**Material provided:**
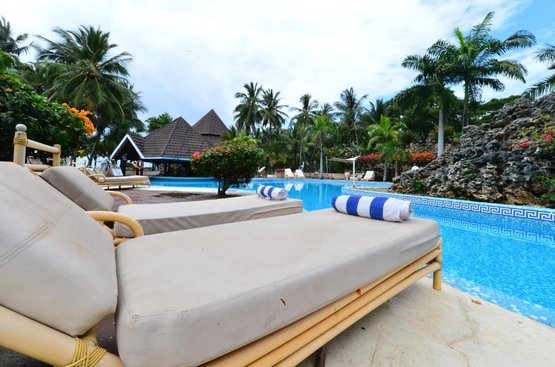  Diani Reef Beach Resort & Spa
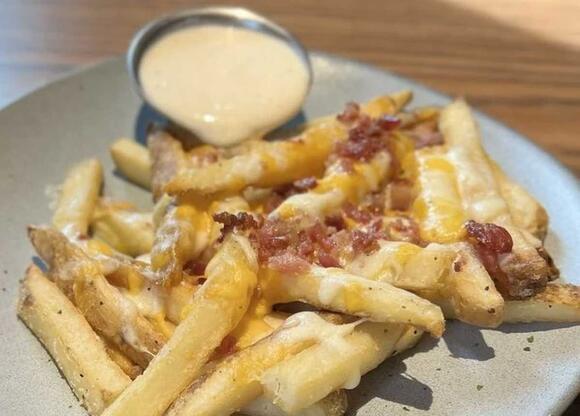 6 Restaurant Chains That Never Gave Up on Beef Tallow Fries - NewsBreak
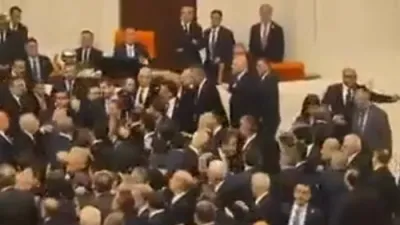 טערקישער פארלאמענטארער זיצונג ווערט א געשלעג איבער אפאזיציע פראטעסטן.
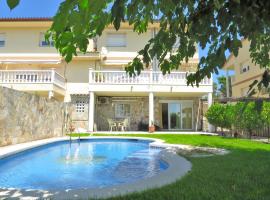 Villa Carolina, hotel in Mataró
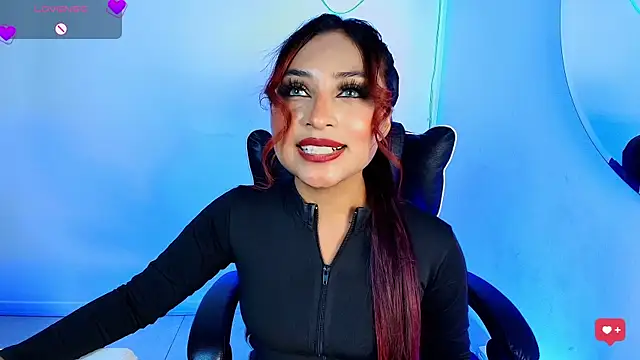 Snapshot of Naiaa_Cruz chatting on May 21, 7:43 pm Naiaa Cruz online show from May 21, 7:43 pm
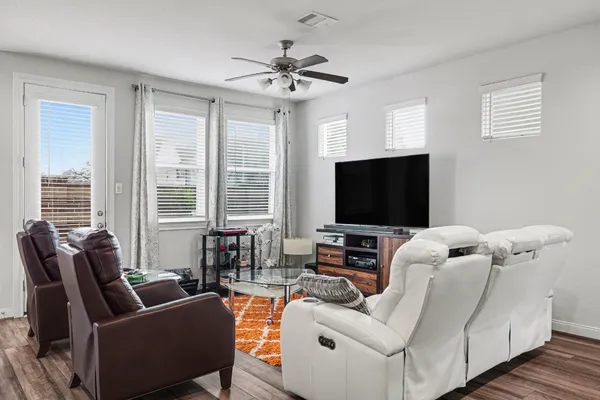 $2,800 | 10011 Brickhouse Drive, Houston, TX 77080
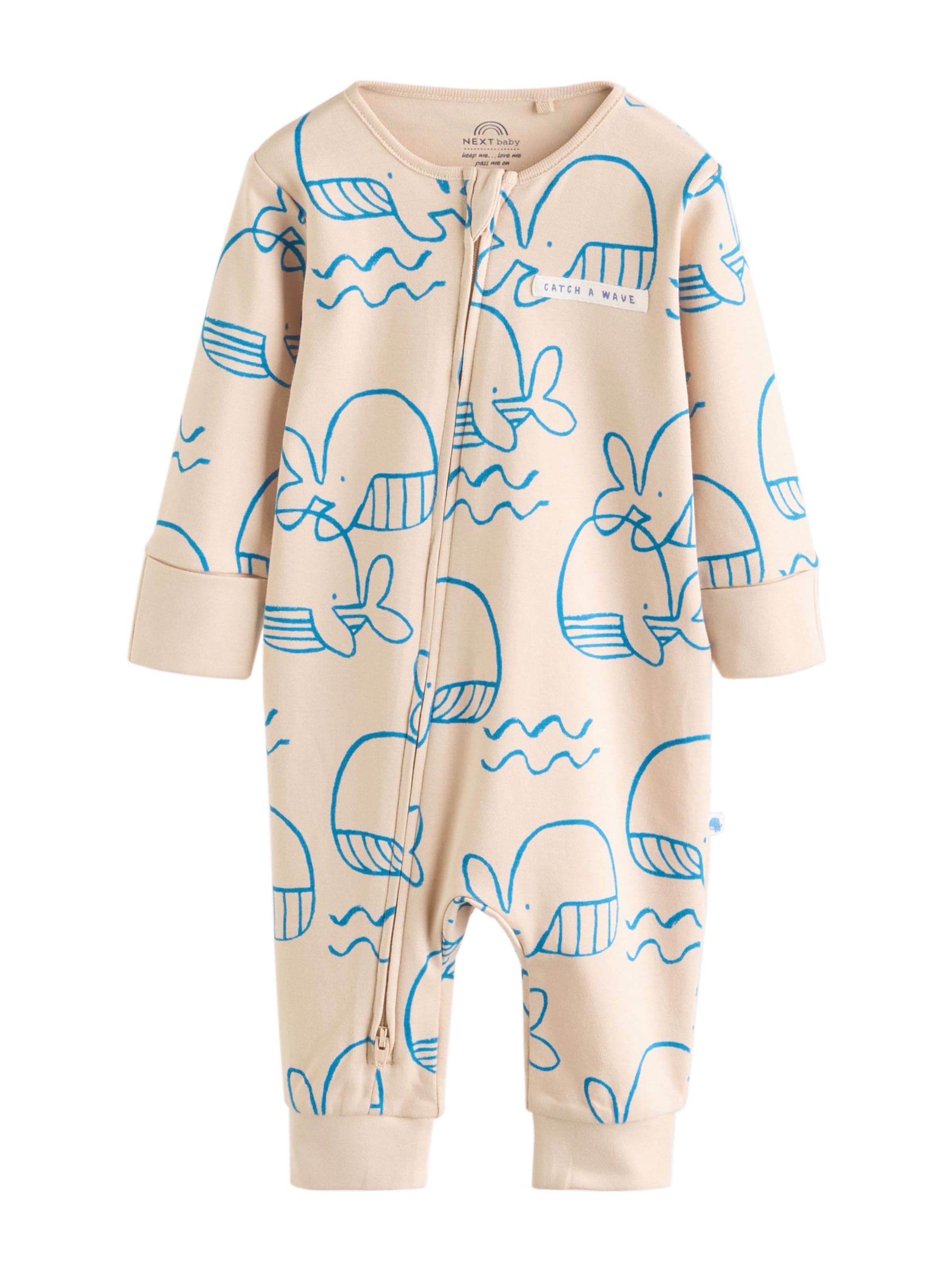 Pijamale de la Next pe bej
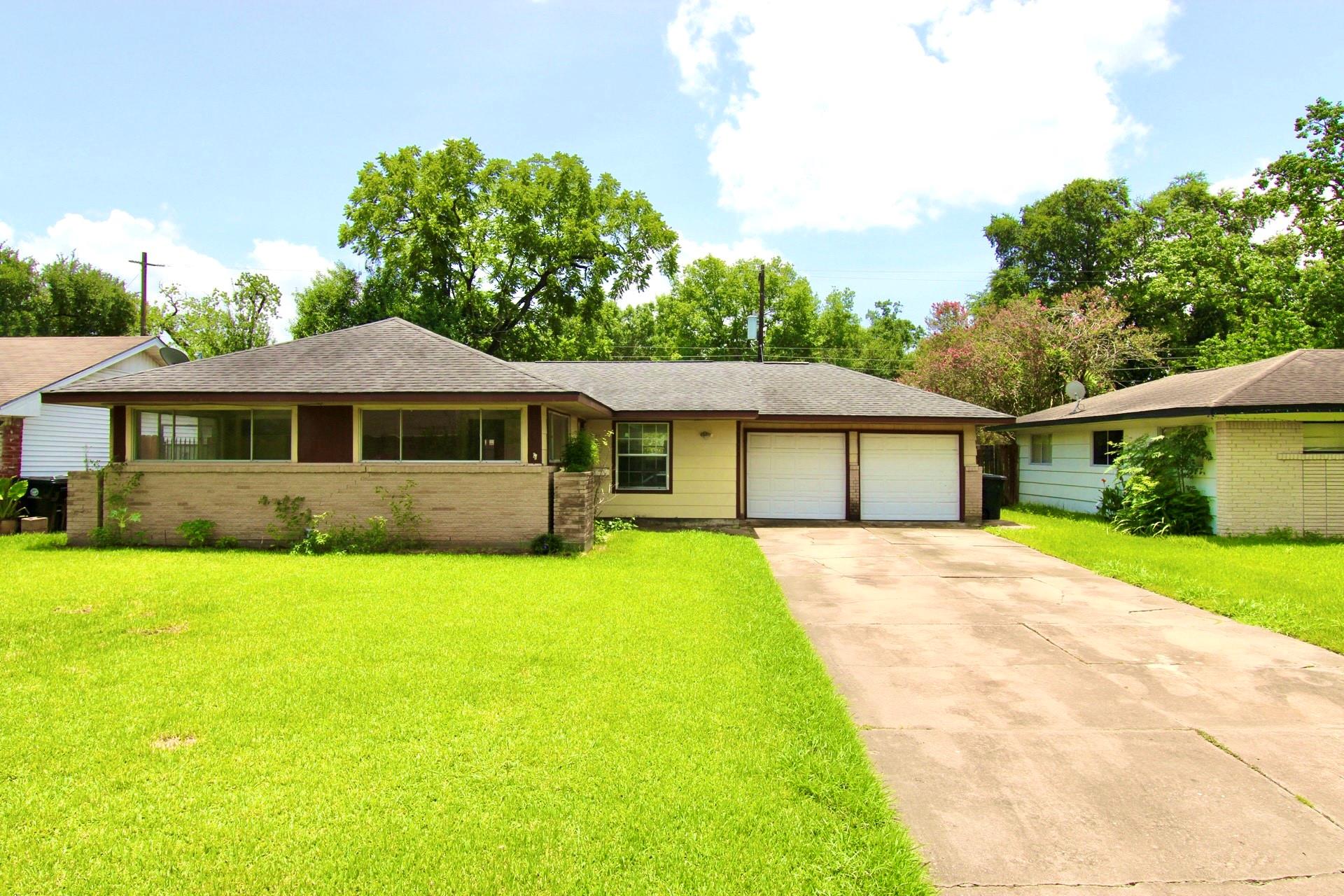 6923 Edgemoor Dr, Houston, TX 77074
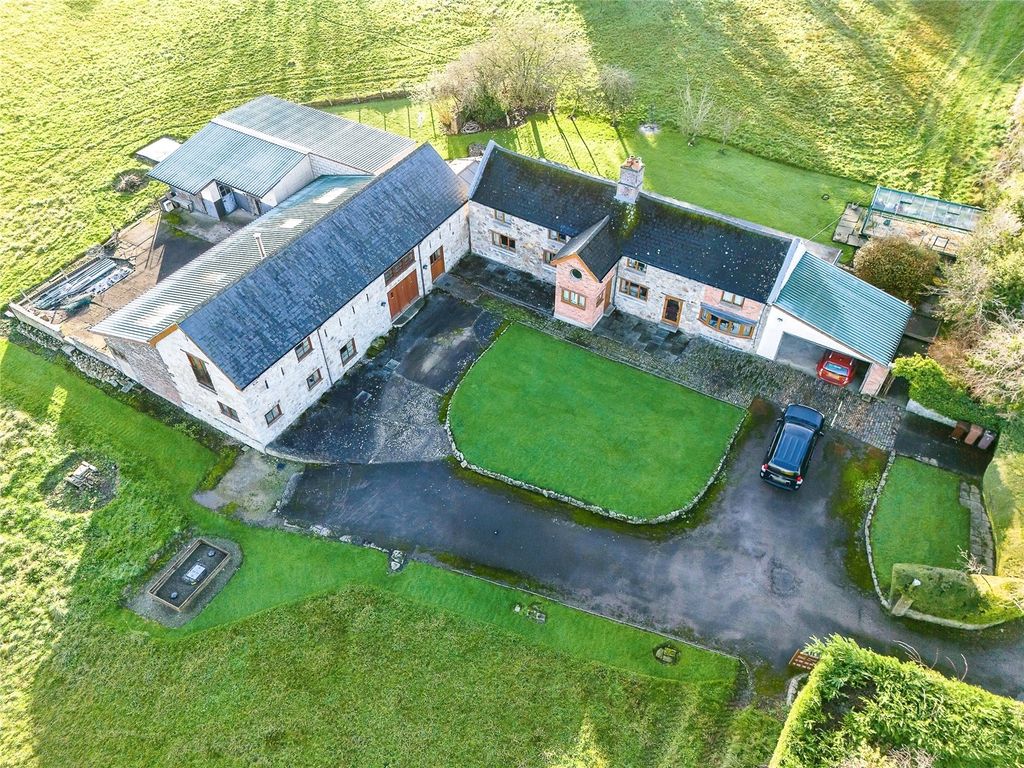 Property photo 2 of 52 Picture No. 44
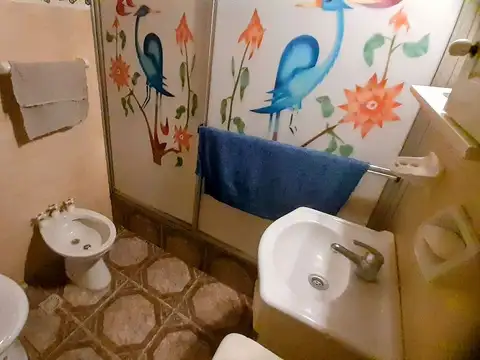 Casa en Venta con 4 cocheras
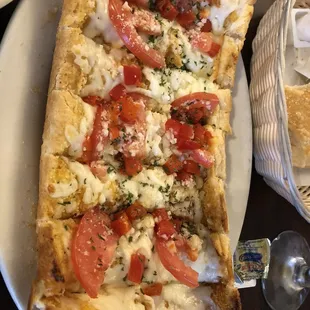 Special garlic cheese bread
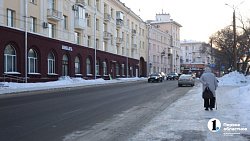 В Челябинске вычищают проезжую часть от снега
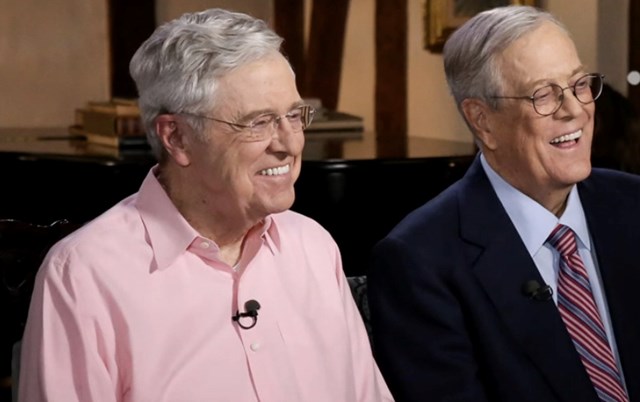 Hai anh em tỷ ph&uacute; Charles Koch v&agrave; David Koch.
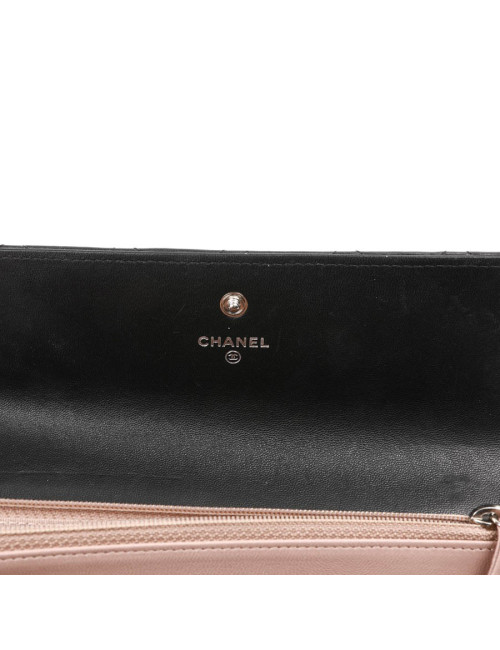 Portefeuille à rabat CHANEL cuir matelassé noir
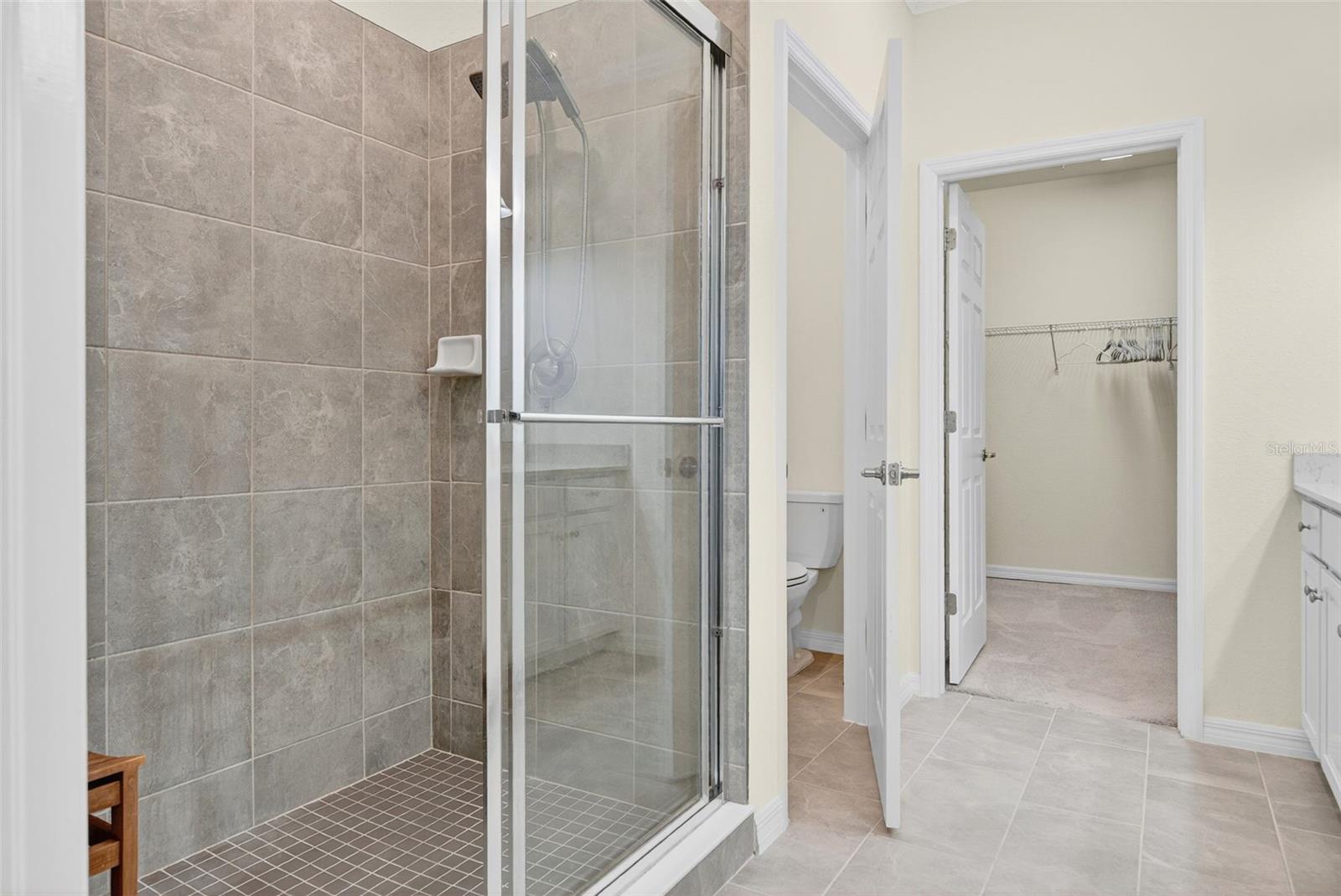 Image 40 of 91 For 10047 Crooked Creek Drive 201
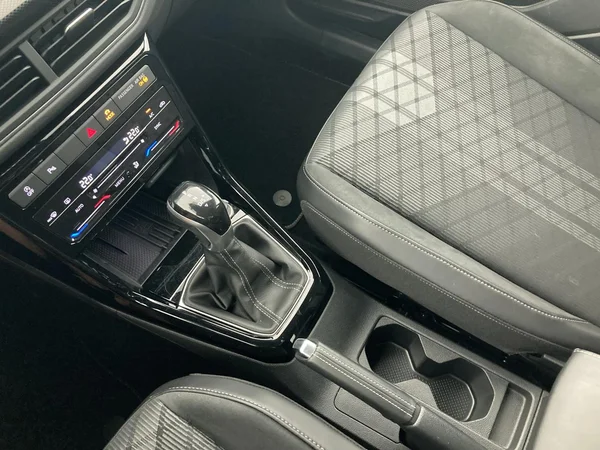 VOLKSWAGEN T-Cross (2025) — foto 18 van 36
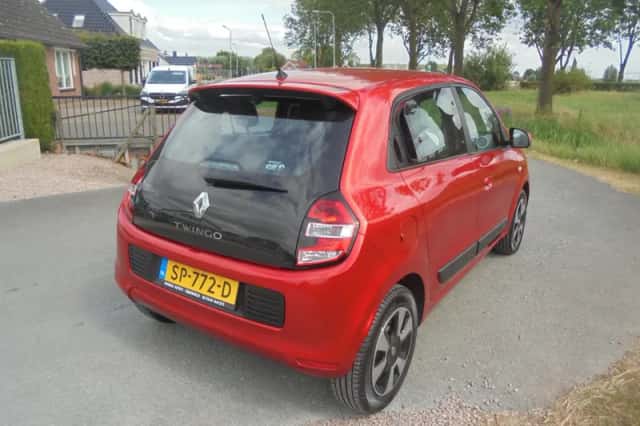 Renault Twingo (2018) thumbnail 3
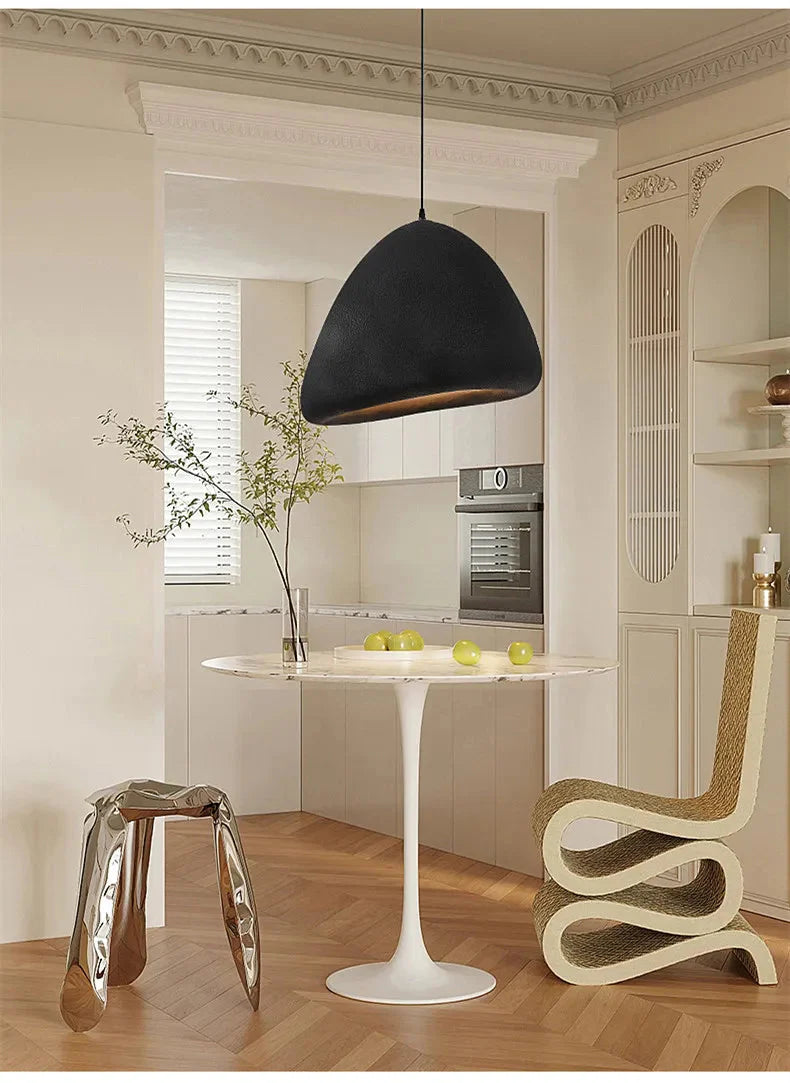 Luminaire Élégant en Résine pour Ambiance Moderne IL582974-ILLUMEEN.COM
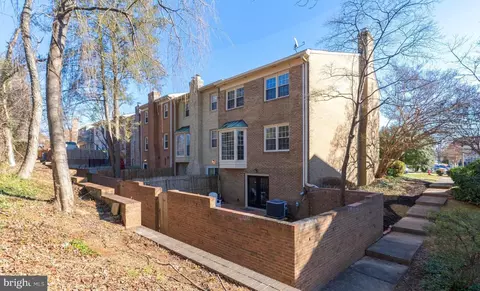 7414 Eldorado St, Mclean, VA 22102 photo 4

**Aim of the exercise:** Write out, exactly and only, the lines from the one containing "Luminaire Élégant en" through the last line of the material above. Pictures do not go in the copy.

**Result of this exercise:**
 Luminaire Élégant en Résine pour Ambiance Moderne IL582974-ILLUMEEN.COM
 7414 Eldorado St, Mclean, VA 22102 photo 4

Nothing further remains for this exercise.